Multi-point wheel–rail contacts are more common in turnouts do not satisfy the basic assumptions of Hertzian theory. The non-Hertz contact theory can more realistically reflect the state of wheel–rail interactions. Yang et al. [34,35] used a non-Hertzian contact method to analyze the dynamic wheel–rail interaction characteristics for gauging corner lubrication and changeable friction conditions. Carlberger et al. [36] proposed a versatile numerical method for predicting the long-term growth of rail roughness—a post-calculation of sliding wear based on Archard’s wear model in combination with a non-Hertzian and transient wheel–rail contact model was used. To improve computational efficiency, many scholars have proposed a series of non-Hertzian contact simplification algorithms based on virtual penetration theory, such as the Kik–Piotrowski method [37,38], ANALYN method [39], and so on. Wang et al. [40,41] compared the accuracy and efficiency of several algorithms and the Kik–Piotrowski method considers both computational accuracy and efficiency. Lin et al. [42], in combination with the wheel–rail contact algorithm of a non-elliptical multi-point contact Kik–Piotrowski model, calculated the wheel–rail dynamic variation characteristics and wheel–rail wear characteristics of worn wheels passing through the frog area under different friction coefficients. Based on the Kik–Piotrowski method, Fan et al. [43] established the turnout model with variable cross-section and multi-point contact and analyzed the dynamic response of the train passing through the branch of the turnout. Wang [44,45] carried out the calculation of wear distribution for a No. 42 turnout curved switch rail and stock rail and summarized the rail’s wear law. The rails in the field were also measured, and the measured data provided experimental validation for the wear simulation.

Most of the existing wear prediction methods use the Archard wear model to predict wear on the wheel–rail profile, while wear predictions for the curved switch rail, which is a variable section, have rarely been reported. In this study, the wheel profiles were tracked and measured. The key sections of the curved switch rail of a No. 18 turnout are drawn and discretized into nodes, which are then imported into Universal Mechanism software. The non-Hertzian contact Kik–Piotrowski method based on virtual penetration is used as the contact algorithm for the Archard wear model. The worn profiles of the curved switch rail are predicted, and the wear evolution law is analyzed. Based on the predicted calculation results of the curved switch rail wear and the actual measured wheel profiles, simulations are performed in a vehicle–curved switch rail system dynamics model. The effect of the wear of the wheel and curved switch rail on vehicle dynamic performance is analyzed.
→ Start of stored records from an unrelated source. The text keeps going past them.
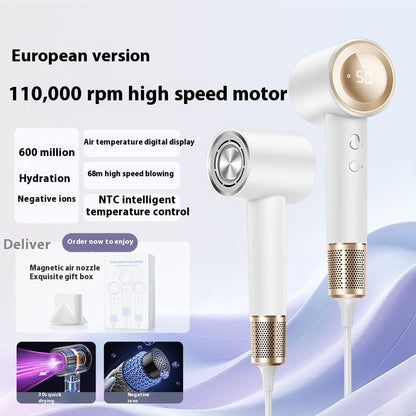 High-Concentration Anion Hair Dryer with Constant Temperature for Damage-Free Hair Care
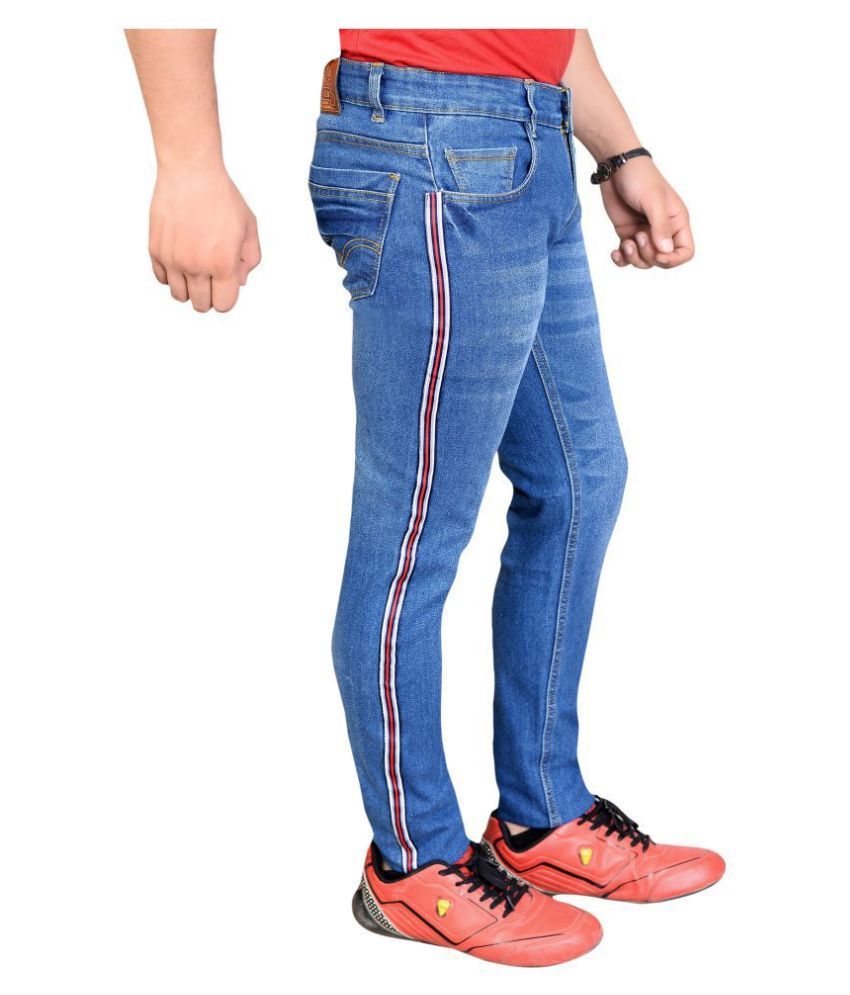 Dom & B Blue Slim Jeans - Buy Dom & B Blue Slim Jeans Online At Best ...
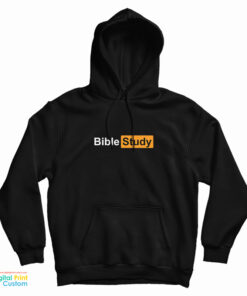 Bible Study Pornhub Logo Parody Hoodie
2. System Dynamics Model of Vehicle–Curved Switch Rail

2.1. Establishment of Curved Switch Rail Model in High-Speed Turnout

The radius of the curved switch rail equals 1100 m in the No. 18 high-speed turnout. In the switch panel, the switch rail adopts the 60D40 steel track, and the stock rail adopts the 60 kg/m steel track. The gauge is 1435 mm. The vertical stiffness of the track is 44,000 kN/m, and the lateral stiffness is 18,000 kN/m. The vertical and lateral damping are 400,000 Ns/m and 100,000 Ns/m, respectively.

The curved switch rail is a variable section structure, and the cross-section and head width gradually increase. According to the head width size of the curved switch rail, the profiles with head widths of 3 mm, 5 mm, 20 mm, 35 mm, 50 mm, and 72.2 mm are selected for modeling (Figure 1).

In the switch panel, the cross-sections of the switch rail and are variable. To establish the system dynamic model of the vehicle and curved switch rail, the transition of each adjacent irregular critical section is performed by the interpolation method. In this way, the entire curved switch rail model is fitted. Figure 2 illustrates the cross-sectional interpolation principle.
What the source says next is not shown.